Enjoy your new sea vessel!! Looking forward to a few reports on how it performs and how much fun you and your sidekick have with it.

Chris


----------



## john warren (Jan 25, 2005)

might take some web searching,, but i saw a device for canoes that allowed you to row with oars and be going forward. the oars basicly were mounted in the middle and you pulled them on the outside of the fulcrum so you went forward. neat little idea.
a 2hp is a lot of power on a canoe. i find im way better off with an electric motor, no need for a big one. allows me to put the battery in the front to balance out the load better.


----------



## Rupestris (Aug 25, 2000)

give this a try when you get it.

http://www.youtube.com/watch?v=_4RJAeP7pDI

in shallow water of course. At least 'til you get the swing of it.


----------



## Sam22 (Jan 22, 2003)

Wow that video is cool! Will have to try that. What size/type/brand paddles should i buy?


----------



## Rupestris (Aug 25, 2000)

I use Caviness oars. They're cheap, can be bought anywhere (even Meijers and Dunhams have 'em) but they tend to be a bit heavy and varnished with a cheap shellac. Eventually it will get dry and start to flake off. Especially if left in the sun. Doesn't affect the performance and you can always refinish them yourself. $30 - $50 ea. I've used mine for years and they haven't let me down yet.

Carlisle makes another budget minded oar.
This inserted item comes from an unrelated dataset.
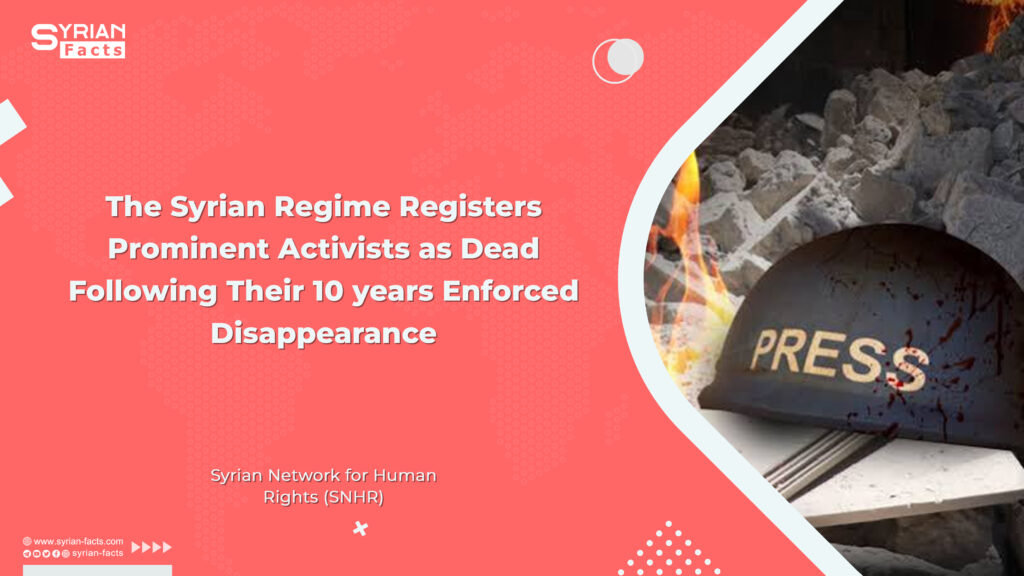 The Syrian Regime Registers Prominent Activists as Dead Following Their 10 years Enforced Disappearance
They offer aluminum shaft/plastic blade and handle as well as wood. Might be a better choice for your lightweight rig. Cabelas has the take-down aluminum model in olive drab for $77/pair. Not a bad choice.
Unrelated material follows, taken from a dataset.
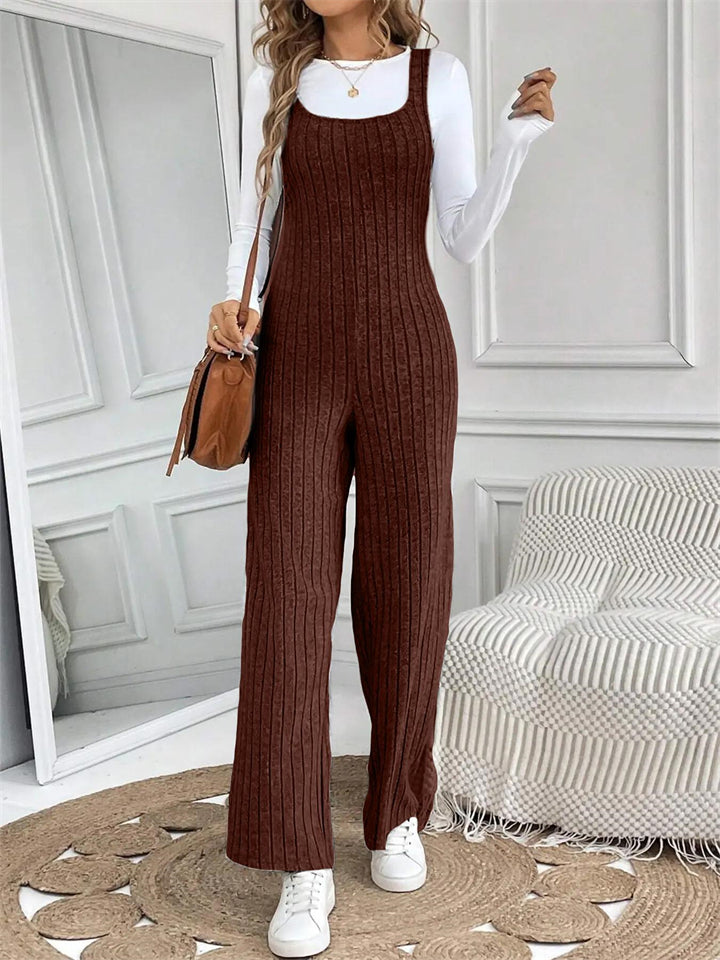 Women's Pit Stripe Knitted Sleeveless Loose Fit Stretchy Overalls Jumpsuit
If you want hand crafted American oars, look at Shaw and Tenney. http://www.shawandtenney.com/index.php They start at about $183 each for Ash oars.

As for size, get a 6.5' (78") oar. Its easier to cut a little off than it is to add length. According to Shaw and Tenney, a 75" (6.25') should be right for your canoe. 78" is much more common without getting into custom stuff like S&T. Its a 3" difference. You won't even notice. At least not until you're a professional  .
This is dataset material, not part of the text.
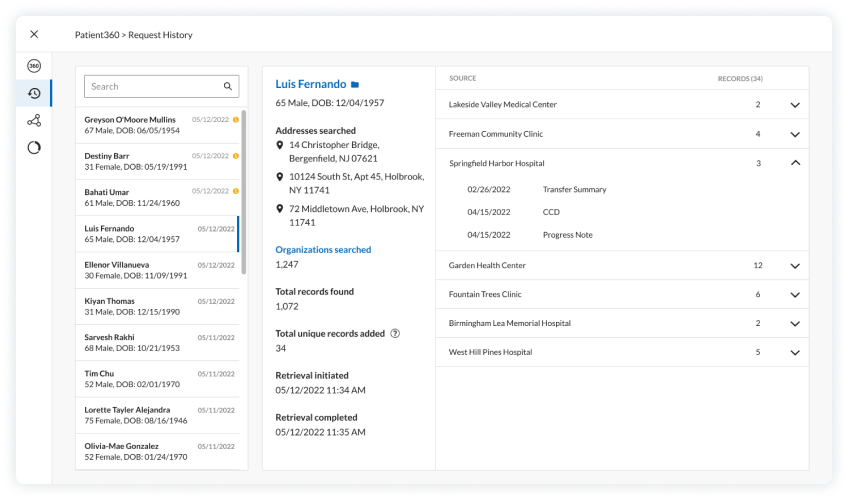 Patient360 Software - Patient360 sample record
When it comes to oar locks, I prefer this type:









With a urethane bushing in the lock, they tend to be a bit quieter than the "Y" type that the oar just sits in. Especially with aluminum oars. Saves wear and tear on the oar shafts and keeps the oars at the correct location too. Which reminds me, the oar handles should overlap like this: 










Have fun with it.  You're gonna love it.


----------



## Rupestris (Aug 25, 2000)

One more thing, the anchor rope thread remended me of. If you intend to use an anchor, buy the cheap ones from Meijers or Walmart.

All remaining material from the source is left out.